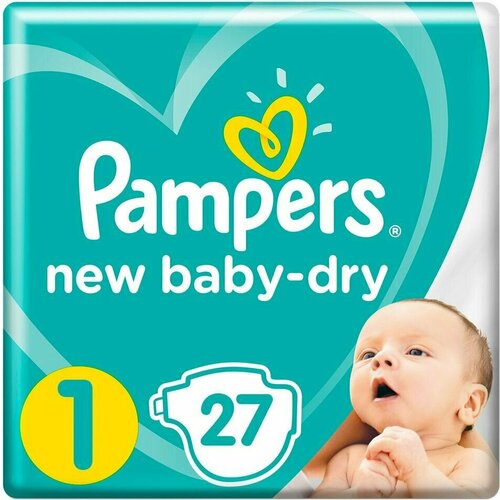 Подгузники Pampers New Baby-Dry 2-5кг Размер 1 27шт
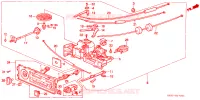 CONTROLLO RISCALDATORE per Honda CIVIC GL 3 Porte 5 velocità manuale 1988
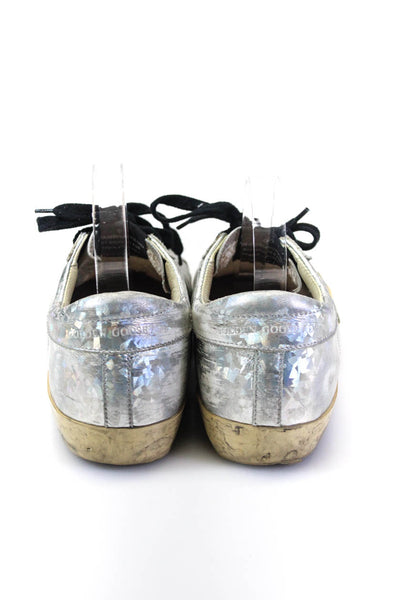 Golden Goose Deluxe Brand Womens Super Star Sneakers Platinum Silver Size 37 7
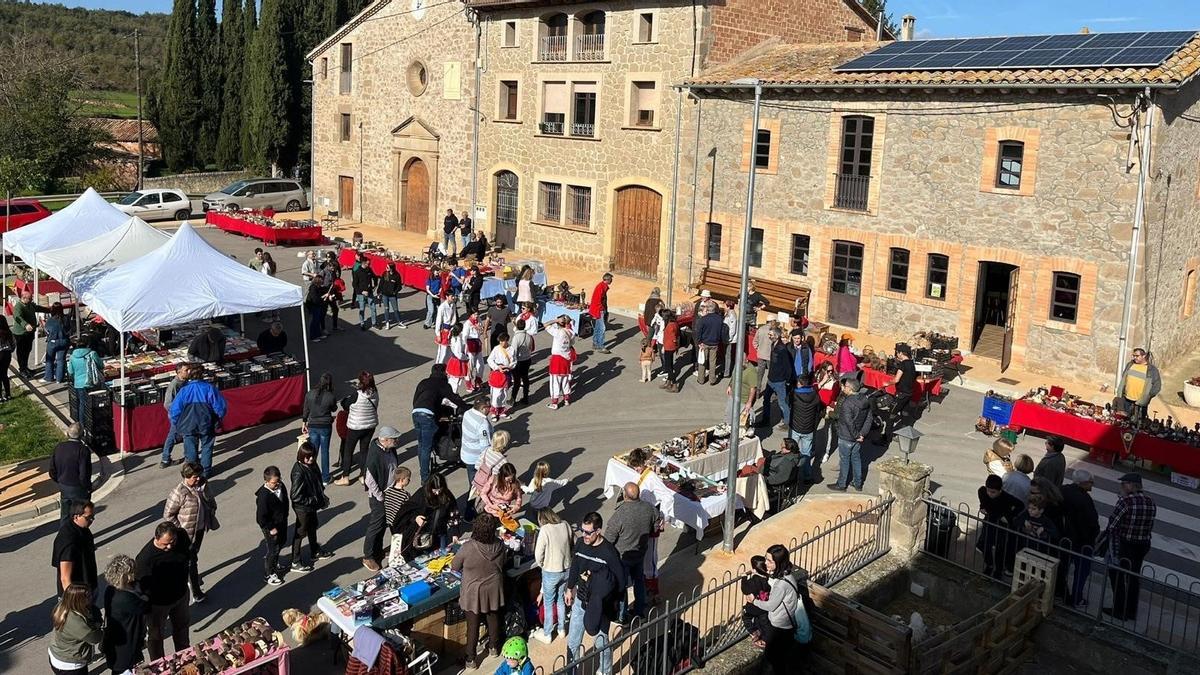 Imatge de l'edició del 2024 de la Fira de Sant Martí de Santa Maria de Merlès
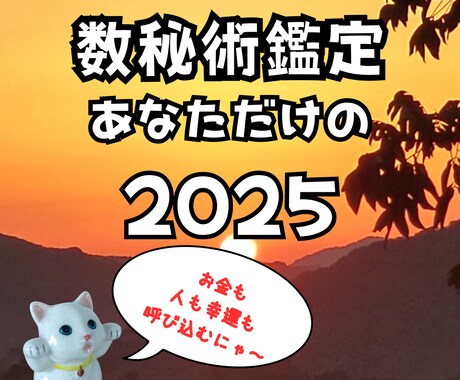 数秘術が明かす新時代の兆し★★★運命を動かします 2025年のパーソナルイヤーナンバーで未来をデザイン！ イメージ1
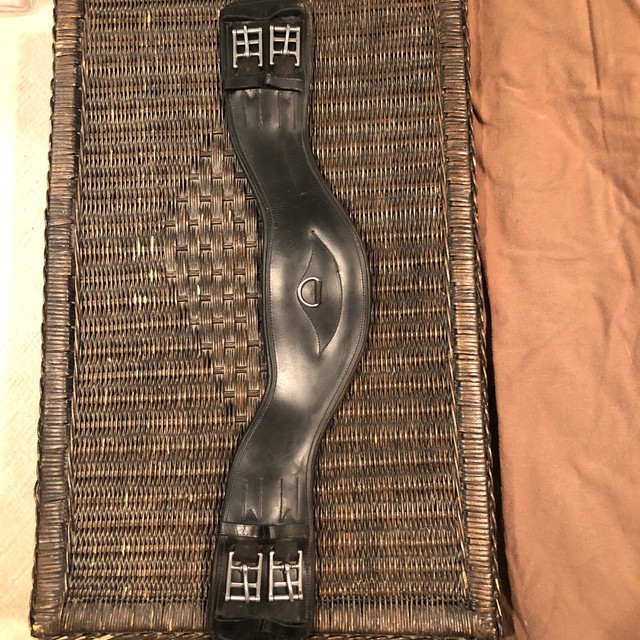Black HyCOMFORT Neoprene Dressage Girth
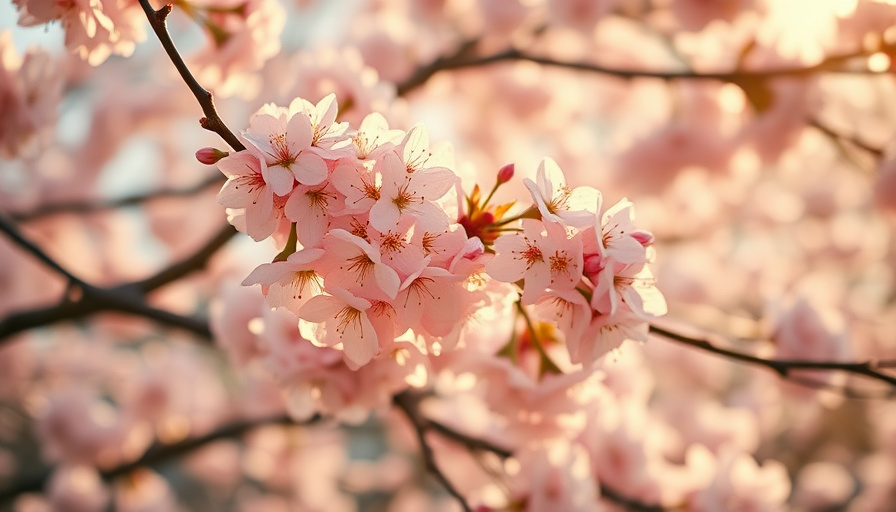 cinematic travel photography, cherry blossoms in full bloom, Jeju Island, soft sunlight, blurred background, pastel colo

= AIM OF THE TASK =
Pictures stay out of the copy. Reproduce exactly the lines from the one containing "数秘術が明かす新時代の兆し★★★運命を動かします 2025年のパーソナルイヤーナンバーで未来をデザイン！ イメージ1" through the last line of the records above, both included.

= TASK SOLUTION =
 数秘術が明かす新時代の兆し★★★運命を動かします 2025年のパーソナルイヤーナンバーで未来をデザイン！ イメージ1
Black HyCOMFORT Neoprene Dressage Girth
 cinematic travel photography, cherry blossoms in full bloom, Jeju Island, soft sunlight, blurred background, pastel colo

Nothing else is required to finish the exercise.